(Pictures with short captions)
▽

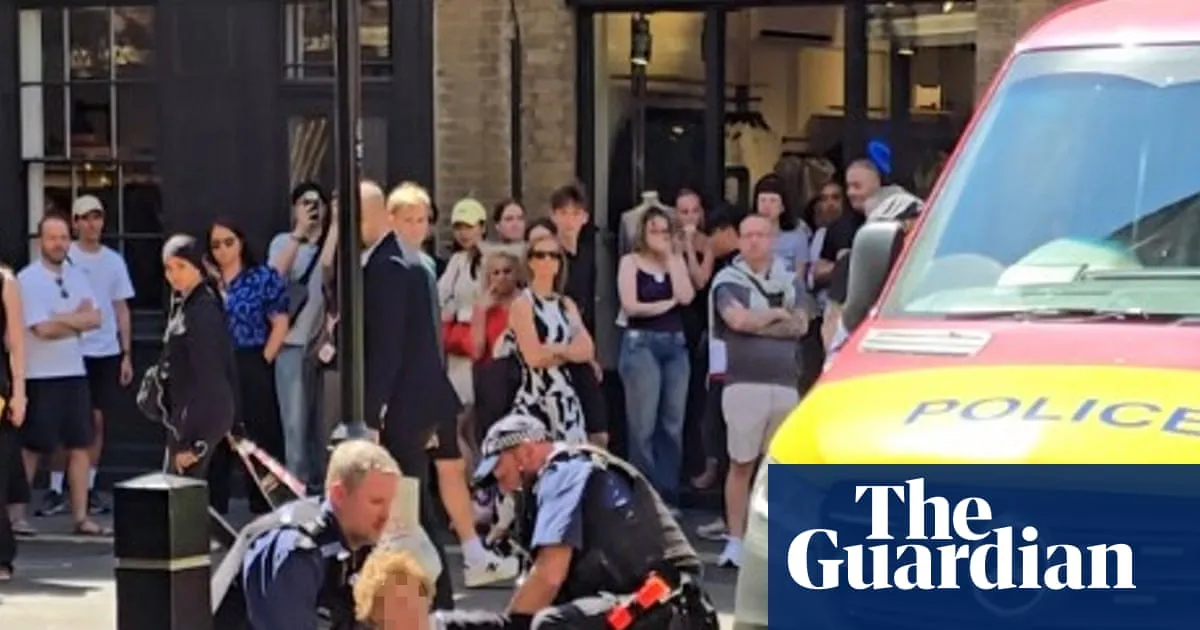 Woman arrested after four men stabbed in London’s Covent Garden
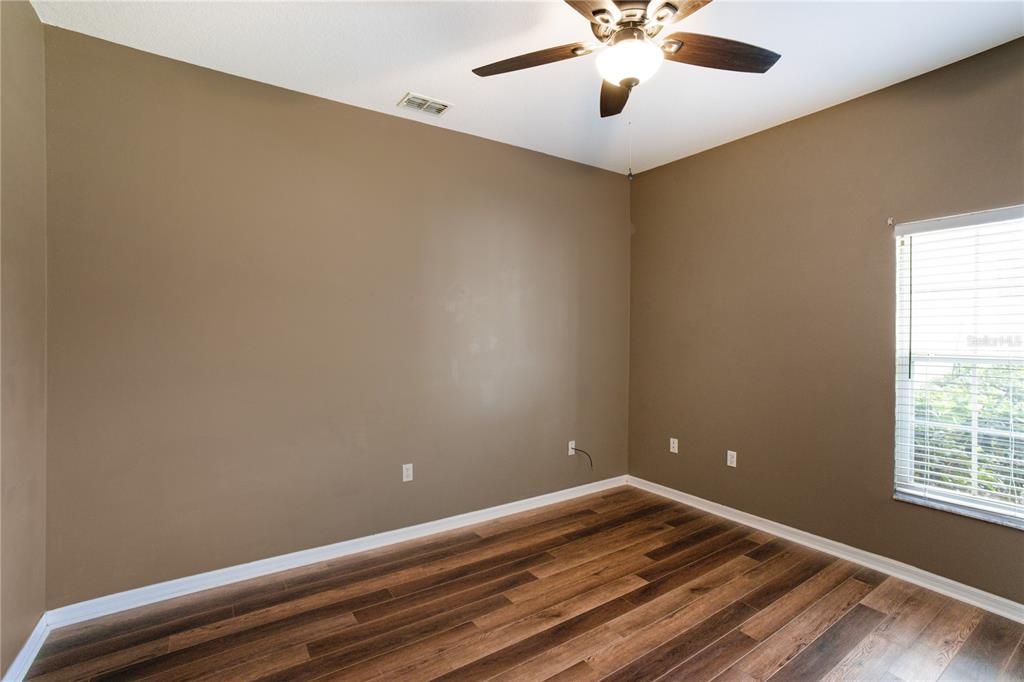 Active With Contract: $267,500 (2 beds, 2 baths, 1467 Square Feet)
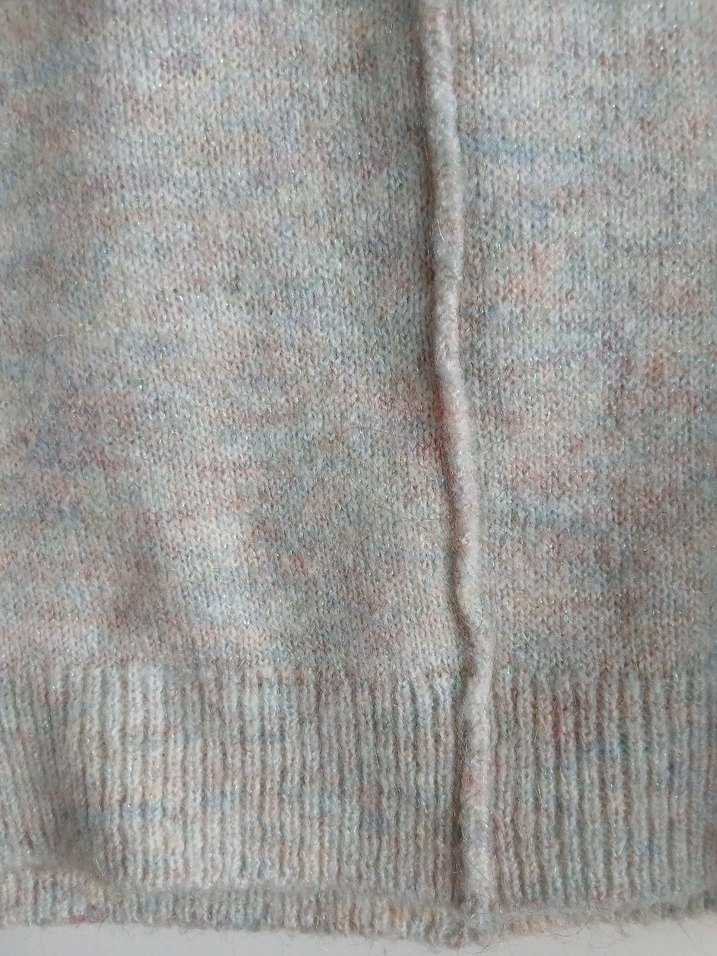 V Yaka Örgü Kadın Kazak - Görsel 3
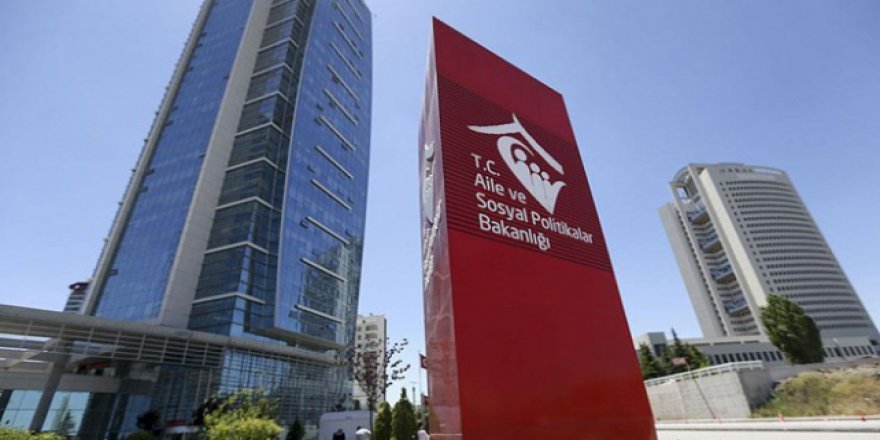 Evi yanan yaşlı teyzeye Bakanlık sahip çıktı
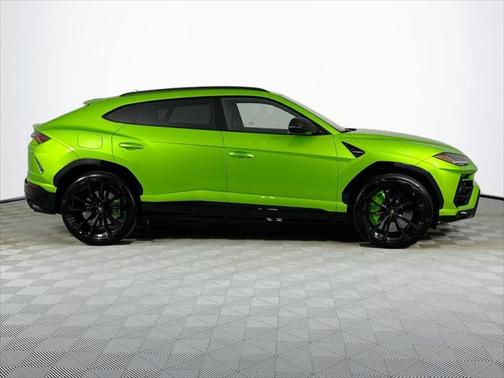 2022UrusGraphite Capsule
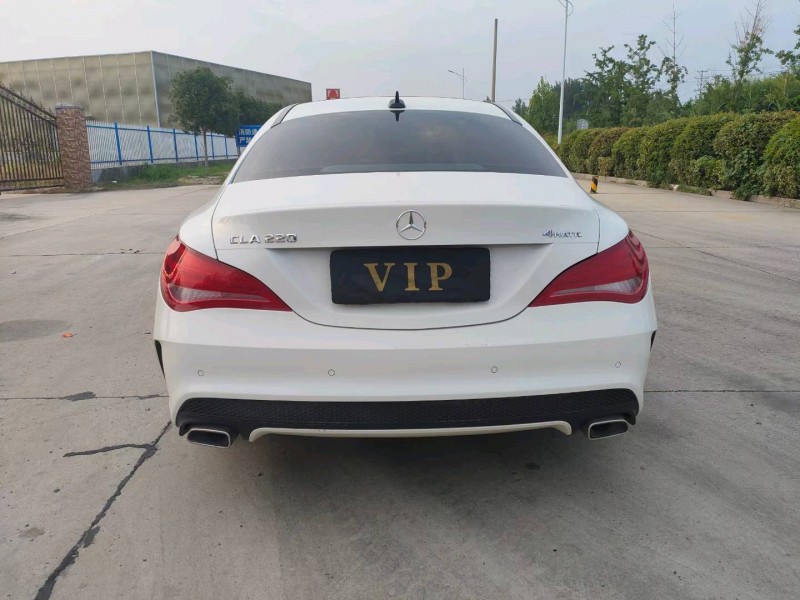 广州16年奔驰CLA9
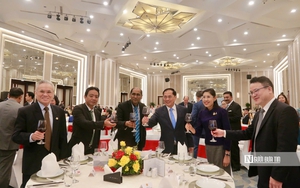 Xử lý nghiêm hành vi cố tình thanh toán bằng tiền mặt để trốn thuế, vi phạm pháp luật - Ảnh 3.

△

## Work instructions
From the line containing "Evi yanan yaşlı teyzeye Bakanlık sahip çıktı" to the end of the data above, give those lines again verbatim, with both endpoints included and no images.

## Expected output
 Evi yanan yaşlı teyzeye Bakanlık sahip çıktı
 2022UrusGraphite Capsule
 广州16年奔驰CLA9
 Xử lý nghiêm hành vi cố tình thanh toán bằng tiền mặt để trốn thuế, vi phạm pháp luật - Ảnh 3.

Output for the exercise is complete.